Con un ritmo ágil, lenguaje coloquial y un tono que oscila entre el sentimentalismo del tango y la comicidad cruel de una novela picaresca española, la primera parte se devora. "Repaso su vida, nuestras vidas y me doy cuenta de que conservo esos momentos como el tío recordaba cada gol de Racing. Intactos, plastificados. Inconmovibles". "[Ella] sacaba fotos y anotaba todo en ese rollito mínimo, con una birome petisa que había hecho cortar a papá y que entraba justo en el estuche de lentes. Una BIC de caño recortado". Las listas que redacta la mayor y que la menor encuentra, con su código de cuadraditos y circulitos, van puntuando el texto como un alivio cómico y también como subtítulos. Dos objetos fetiche polarizan este pequeño mundo: un misal nacarado de la abuela y el chocolate belga del título. El primero representa el temor y el deber; el otro, el deseo.

"Una hermana que por momentos es santa y por otros es puta, que es sabia tanto como opa, que se presenta como controlada y luego se desarma", se rinde la menor, sin poder terminar de dibujar un retrato consistente de su querida y odiada rival. Un cliffhanger que no conviene anticipar (en la jerga de las series, cliffhanger, literalmente colgar del acantilado, es un final de capítulo de altísimo suspenso) manipula al lector de tal modo que es imposible no dar vuelta el libro a ver qué pasó con esa hermana misteriosa. Y la voz de la hermana perdida, quien no lo está para sí misma (aunque lo haya estado), con calma empieza a desgranar respuestas. Ese giro, que en esta primera edición es un giro literal, es un momento de lectura tan feliz como abrir una caja de chocolates. Algunos son amargos; la voz tranquila testimonia (sin usar esta palabra sino otras más comunes) la parentalización que ha sufrido, es decir, cómo esta hija quedó en el rol de un padre, quien se lo otorgó sabiendo que descargaba su responsabilidad sobre los hombros de una niña. No cabe detallar las peripecias del personaje en su fuga sin fin, donde por más distancia que ponga no consigue alejarse lo suficiente. Sí la hondura de unos personajes secundarios realistas, que sirven de contrapunto y contraste al mezquino nido familiar. 
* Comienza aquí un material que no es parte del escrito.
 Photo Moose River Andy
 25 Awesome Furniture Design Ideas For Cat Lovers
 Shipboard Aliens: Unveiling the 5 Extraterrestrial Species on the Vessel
El tono ha cambiado, congruente con quien cuenta la historia ahora. La novedad de los espacios y personajes del exilio aporta una brisa refrescante luego de tanto encierro en la casa paterna. Pero surge un problema narrativo: tras la aventura, la hermana mayor se encierra de nuevo. No sólo en su mundo sino también en su discurso, que empieza a girar en círculos en un monólogo reiterativo y cada vez más cargado de autocompasión. Por suerte viene pronto en su auxilio la mano sabia de oficio de la autora, bajo la forma del azar novelesco, y el círculo se amplía hasta dibujar su circunferencia mucho más allá.